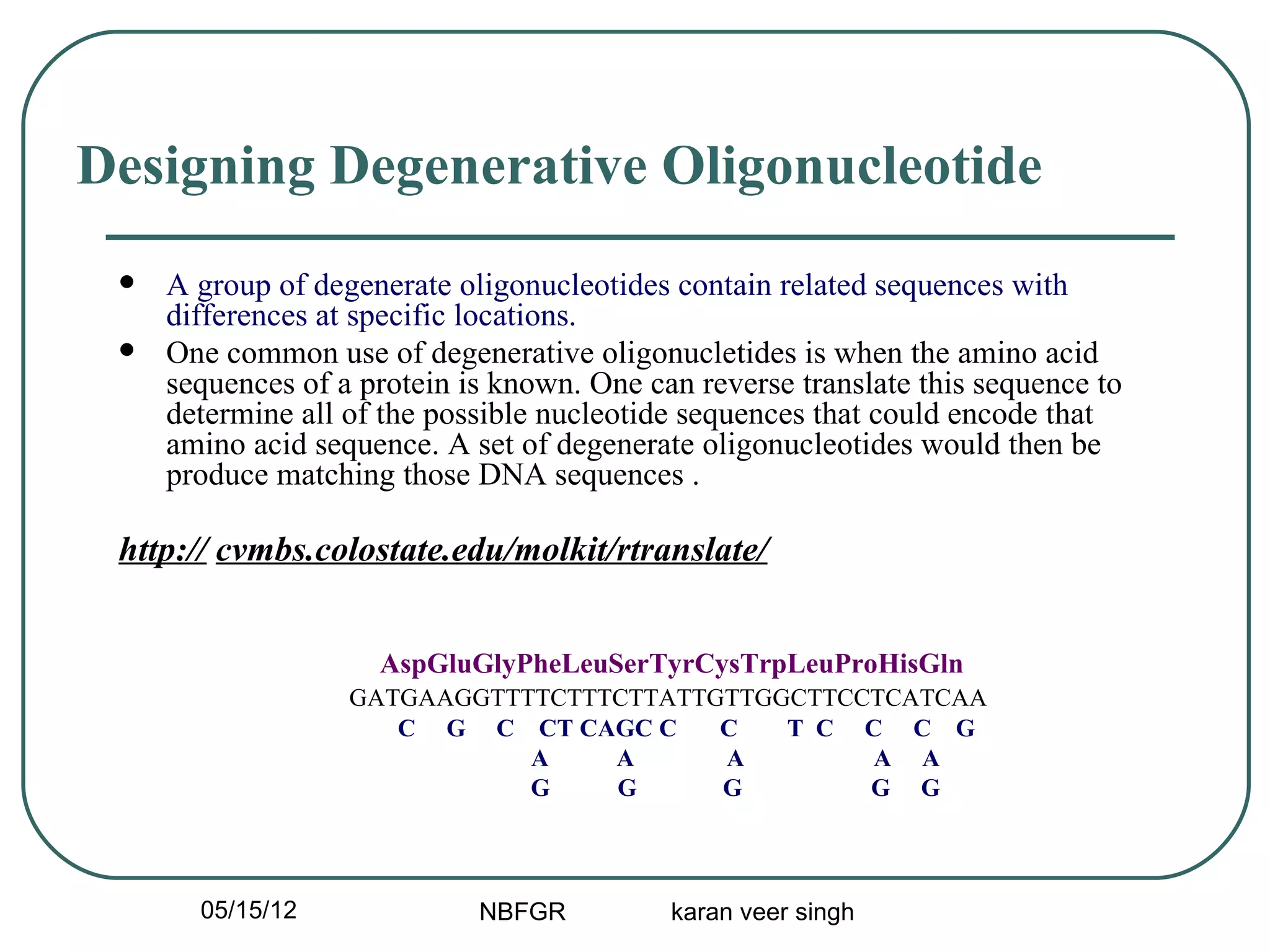 Designing Degenerative Oligonucleotide
    A group of degenerate oligonucleotides contain related sequences with
     differences at specific locations.
    One common use of degenerative oligonucletides is when the amino acid
     sequences of a protein is known. One can reverse translate this sequence to
     determine all of the possible nucleotide sequences that could encode that
     amino acid sequence. A set of degenerate oligonucleotides would then be
     produce matching those DNA sequences .

 http:// cvmbs.colostate.edu/molkit/rtranslate/


                     AspGluGlyPheLeuSerTyrCysTrpLeuProHisGln
                   GATGAAGGTTTTCTTTCTTATTGTTGGCTTCCTCATCAA
                      C G C CT CAGC C     C   T C C C G
                              A    A      A        A A
                              G    G      G        G G



       05/15/12              NBFGR          karan veer singh
 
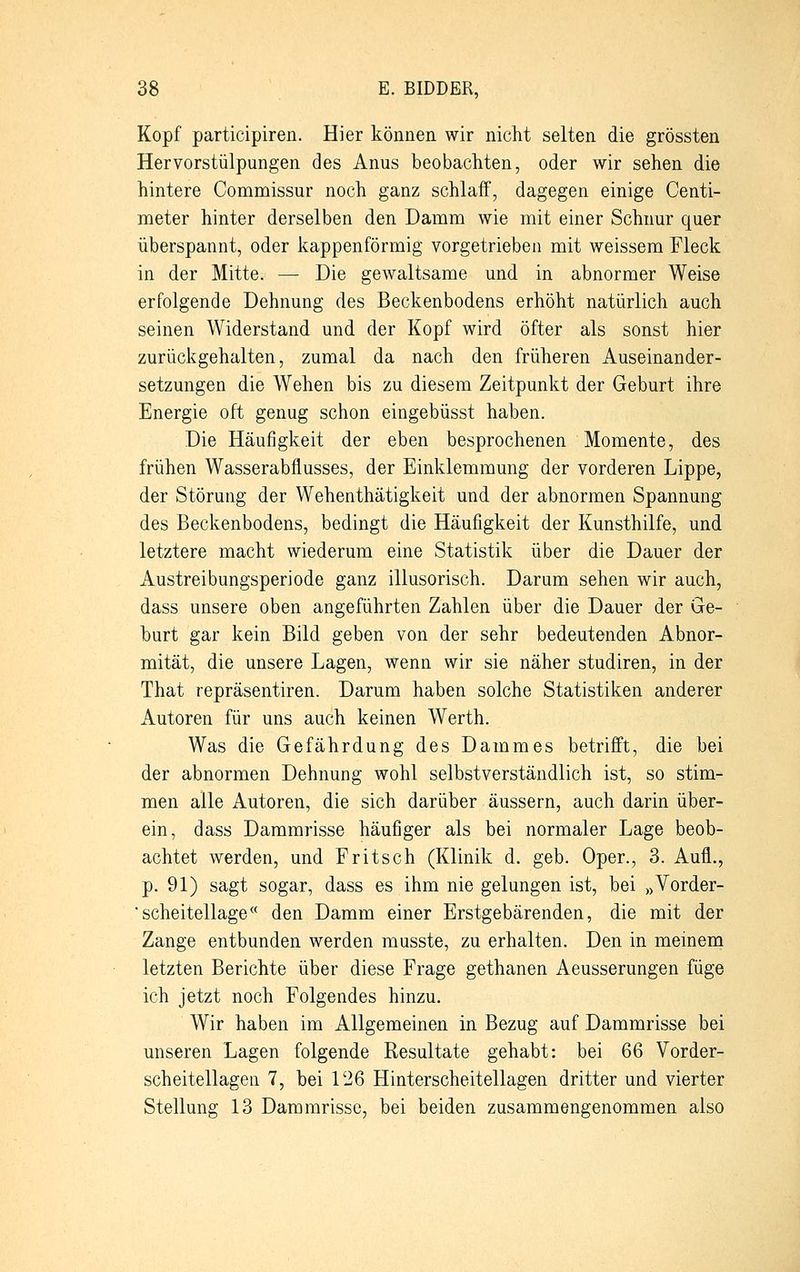Kopf participiren. Hier können wir nicht selten die grössten Her vorstülpungen des Anus beobachten, oder wir sehen die hintere Commissur noch ganz schlaff, dagegen einige Centi- meter hinter derselben den Damm wie mit einer Schnur quer überspannt, oder kappenförmig vorgetrieben mit weissem Fleck in der Mitte. — Die gewaltsame und in abnormer Weise erfolgende Dehnung des Beckenbodens erhöht natürlich auch seinen Widerstand und der Kopf wird öfter als sonst hier zurückgehalten, zumal da nach den früheren Auseinander- setzungen die Wehen bis zu diesem Zeitpunkt der Geburt ihre Energie oft genug schon eingebüsst haben. Die Häufigkeit der eben besprochenen Momente, des frühen Wasserabflusses, der Einklemmung der vorderen Lippe, der Störung der Wehenthätigkeit und der abnormen Spannung des Beckenbodens, bedingt die Häufigkeit der Kunsthilfe, und letztere macht wiederum eine Statistik über die Dauer der Austreibungsperiode ganz illusorisch. Darum sehen wir auch, dass unsere oben angeführten Zahlen über die Dauer der Ge- burt gar kein Bild geben von der sehr bedeutenden Abnor- mität, die unsere Lagen, wenn wir sie näher studiren, in der That repräsentiren. Darum haben solche Statistiken anderer Autoren für uns auch keinen Werth. Was die Gefährdung des Dammes betrifft, die bei der abnormen Dehnung wohl selbstverständlich ist, so stim- men alle Autoren, die sich darüber äussern, auch darin über- ein, dass Dammrisse häufiger als bei normaler Lage beob- achtet werden, und Fritsch (Klinik d. geb. Oper., 3. Aufl., p. 91) sagt sogar, dass es ihm nie gelungen ist, bei »Vorder- 'scheitellage<( den Damm einer Erstgebärenden, die mit der Zange entbunden werden musste, zu erhalten. Den in meinem letzten Berichte über diese Frage gethanen Aeusserungen füge ich jetzt noch Folgendes hinzu. Wir haben im Allgemeinen in Bezug auf Dammrisse bei unseren Lagen folgende Resultate gehabt: bei 66 Vorder- scheitellagen 7, bei 126 Hinterscheitellagen dritter und vierter Stellung 13 Dammrisse, bei beiden zusammengenommen also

☆ ☆ ☆ ☆ ☆

**PROBLEM DETAILS**
Once you have returned the line containing "determine all of", stop; begin at the first line of the material, keep each line exact, and skip the pictures.

**WRITTEN ANSWER**
 Designing Degenerative Oligonucleotide
    A group of degenerate oligonucleotides contain related sequences with
     differences at specific locations.
    One common use of degenerative oligonucletides is when the amino acid
     sequences of a protein is known. One can reverse translate this sequence to
     determine all of the possible nucleotide sequences that could encode that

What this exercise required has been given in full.